So far, the move has worked out well. While sales figures have yet to be disclosed, Fire TV sold out within a week of its launch – the console-style game controller within a day – proving demand exists for such a device.
“That was not in any stretch by design,” assures Frazzini. “Something we spend a lot of time on at Amazon is keeping inventory stocked for customers. Obviously it resonated really strongly with them. We’re off to a great start and we’re really happy with the reception so far.”
It’s not just customers’ heads that Fire TV is turning: a surge of interest from a range of game developers has positioned the device as a hot new platform in an increasingly varied market. This is due in no small part to the fact that Amazon brought the secret console to some of the world’s most prominent studios long before it was ever announced.
“When we were first talking to developers, they would hear about the device and everything it offered, and they themselves wanted to buy it,” Frazzini says. “It’s great to see developers get excited about something you’re working on and to have their games ready at launch. Having titles like Mojang’s Minecraft, Telltale’s The Walking Dead, Gameloft’s Asphalt 8 and games from EA, Ubisoft, 2K and Sega – we’re really happy with the line-up we have for launch.
“And early feedback from customers is that they appreciated that the games we went and got are actually good and fun. That early reception and the launch titles have all been very positive. We’re very happy with how things are starting for Fire TV.”
A gap in the market
However, Fire TV isn’t just about closer ties between Amazon and established game developers. Instead, it is a platform with which the firm can show off its own growing development prowess.
Amazon has been creating social and mobile games for a few years now, largely to help provide unique content for its Amazon App Store and Kindle Fire tablets.
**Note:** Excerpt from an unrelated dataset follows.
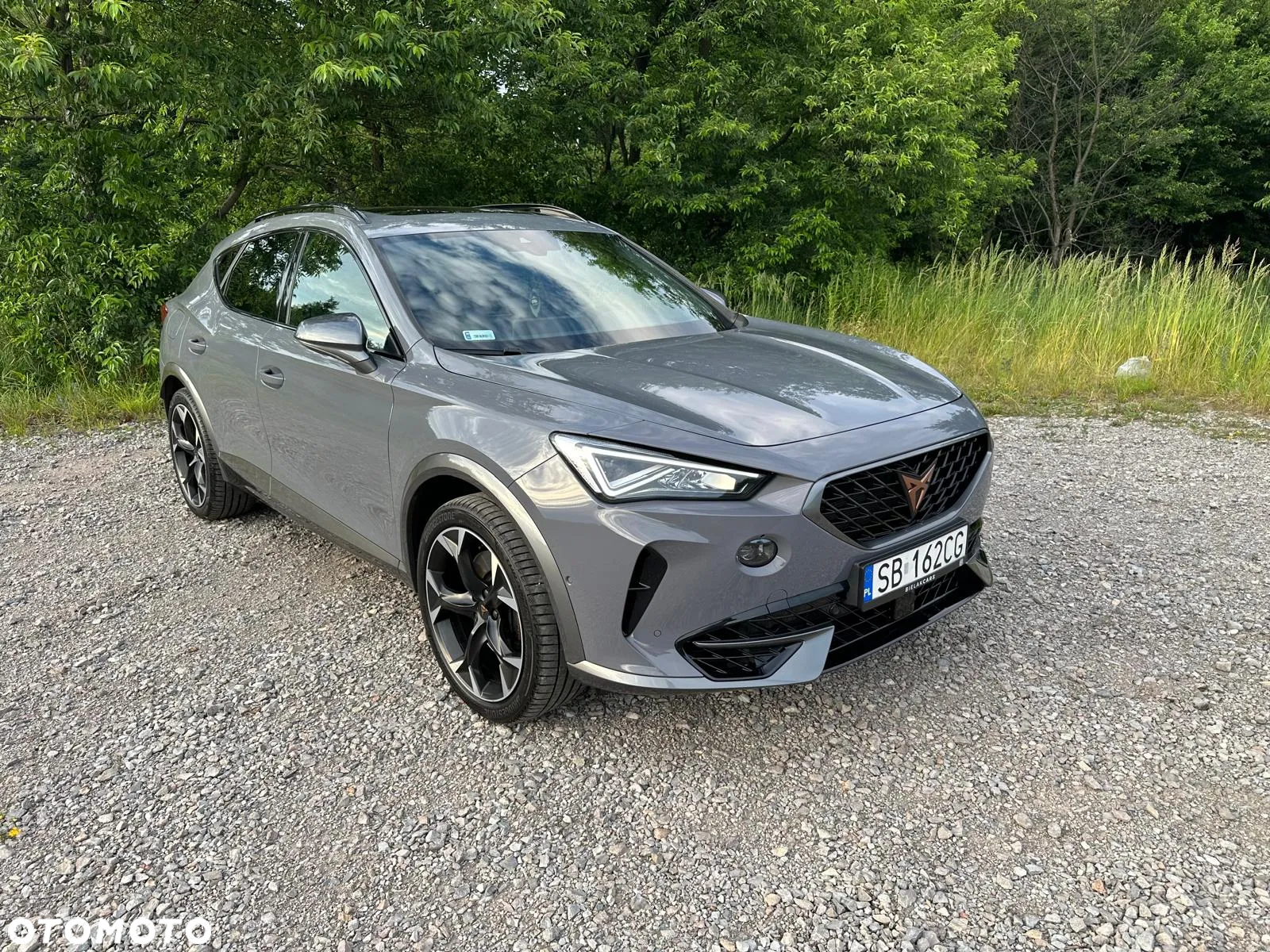 Cupra Formentor 2.0 TSI 4Drive VZ DSG - 3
In February, its designs for larger-scale development were revealed when the firm acquired Killer Instinct dev Double Helix, and began recruiting other experienced game creators.
We’ve hired people that have worked on some of the best games ever released: AoE, Forza, BioShock, Half-Life – the list goes on.
Mike Frazzini, Amazon
Frazzini claims that, like the launch of Fire TV, this is largely a response to gaps Amazon has indentified in the current market.
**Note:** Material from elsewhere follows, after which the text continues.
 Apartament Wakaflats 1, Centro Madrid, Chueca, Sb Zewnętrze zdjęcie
“Game development is going through a shift,” he says. “You’ve got two ends of the spectrum at the moment: at one end you have teams of hundreds working for multiple years on a triple-A game, and at the other you have smaller projects like physics puzzlers or match-three titles.
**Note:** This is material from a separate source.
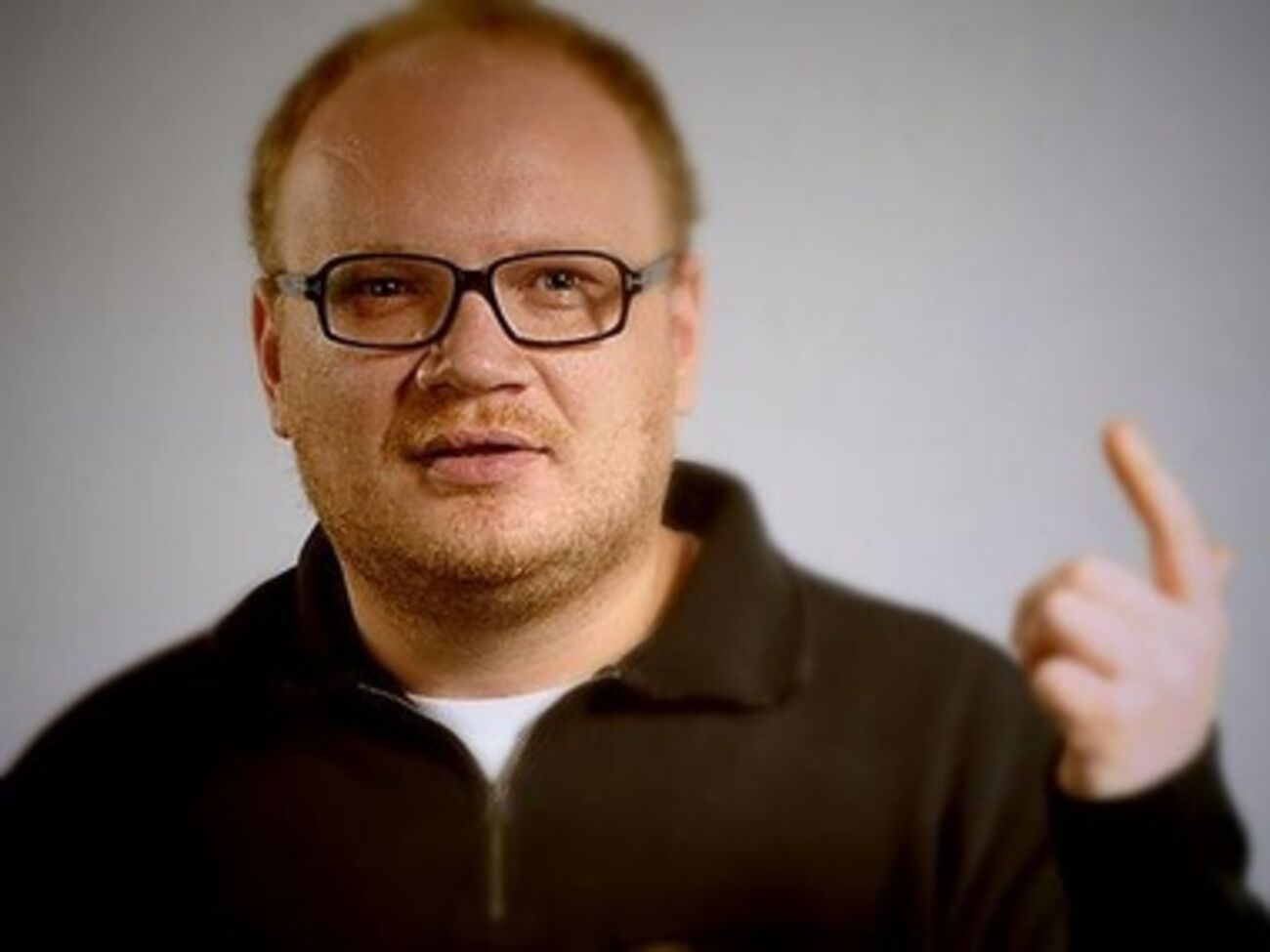 Олег Кашин считает, что Ахметов потерял контроль над ситуацией на Донбассе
“We see the growth of a middle area where you have teams of maybe six to thirty people that are working for 18 months on a game, and they’re able to create these rich and immersive experiences that are just extremely fun to play and rich with creativity and character. That’s the model of how we think about game development within our studios, and something we’re seeing as a trend in the industry: companies like Telltale Games making titles like The Walking Dead, or your homegrown Fireproof Games – I think those guys are super talented.”
Just days after the Fire TV announcement, it emerged that Amazon had hired familiar names like Portal creator Kim Swift and Splinter Cell designer Clint Hocking. But this duo is the tip of the talent iceberg.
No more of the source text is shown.